Wouldn't it be great if your business caught on and spread as quickly as the latest ailment? It might, with the help of "Contagious: Why Things Catch On" by Jonah Berger.

A hot new lunch spot. A yellow rubber band worn around the wrist. That cute new car that everybody wants. Those are examples of social contagion, and while it might seem that those things enjoyed instant popularity upon release, it's actually very hard to get products to catch on.

The best (and arguably most cost-effective) way for marketing contagion to happen is by word of mouth. People love to share, show off and talk about the hottest product or place. The thing to remember is that you have to know how to harness buzz correctly — and the right way, says Berger, is by STEPPS.

Present your product as Social Currency. People want to look cool by impressing others with that which is unique. Do something no one expects, make people feel like insiders, be remarkable, and they'll talk about you because it makes them look remarkable, too.

Tie your business to a Trigger. Learn to position yourself to be top-of-mind by taking advantage of environmental cues that already surround your potential customers.

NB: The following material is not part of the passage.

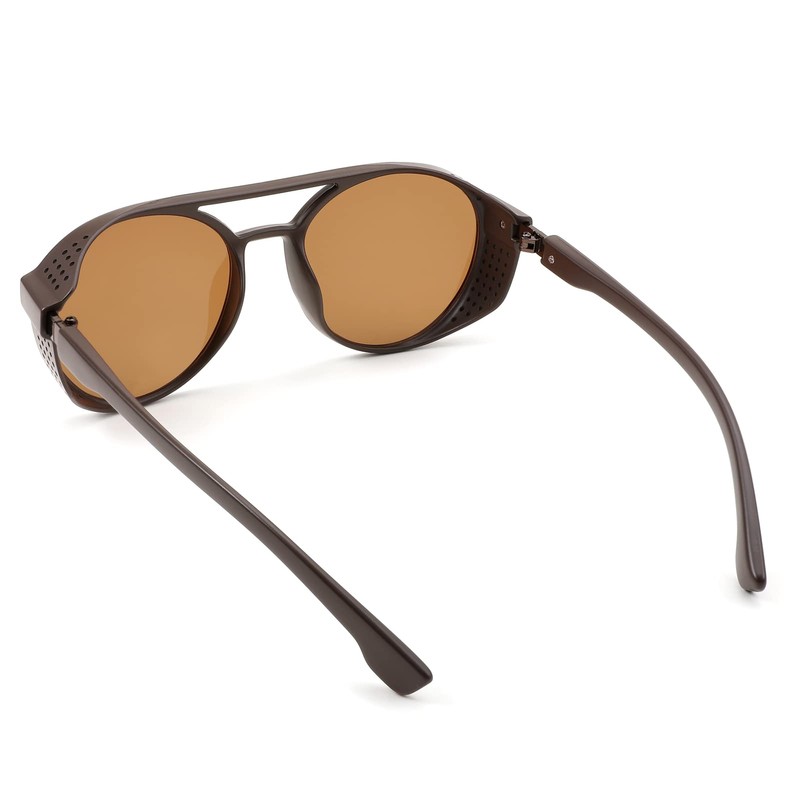 FEISEDY Classic Steampunk Sunglasses for Men Women Retro Round Gothic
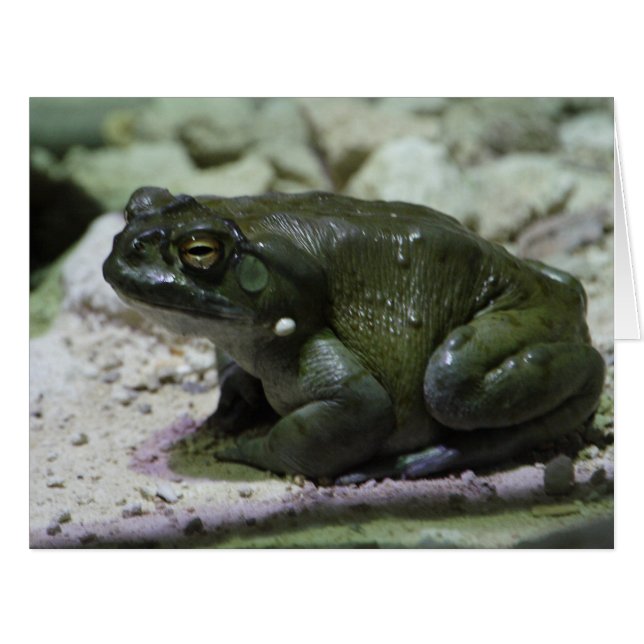 Incilius alvarius (Devant horizontal)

Harness Emotion. There's a reason that heart-tugging videos and tick-you-off posts go viral. Happiness is good, but anger can work, too.

"Monkey see, monkey do" isn't just a saying. Do what you do in Public and don't be afraid to go big; the easier something is to see, the more people will buzz about it.

Imbue your product with Practical Value. Harness the power of coupons, promotional offers and free advice, but be careful: having too many sales or giving away too many products can sharply backfire.

Finally, tell Stories. Use all of the above methods and slip your story inside. Then make sure it's so embedded in your business that people can't talk about you without telling your tale, too.

In every office, it seems, there's a joke, email forward, video or meme that's caught the fancy of everyone. "Contagious" explains how that happened and how you can snag that power to make your business into the same kind of sensation.

True to his methods, Berger uses stories to illustrate how others have utilized word of mouth as a successful marketing tool, but he also shares tales of buzz gone bad. Those examples fill this book with useful ideas that are also interesting to read and to check out online, so keep your laptop or smartphone handy.

Marketers will be glad to know that this book's practicality isn't limited by business size. Managers will love its infectious nature. So if you're ready to see your product spread around the world, then "Contagious" is a book you should catch.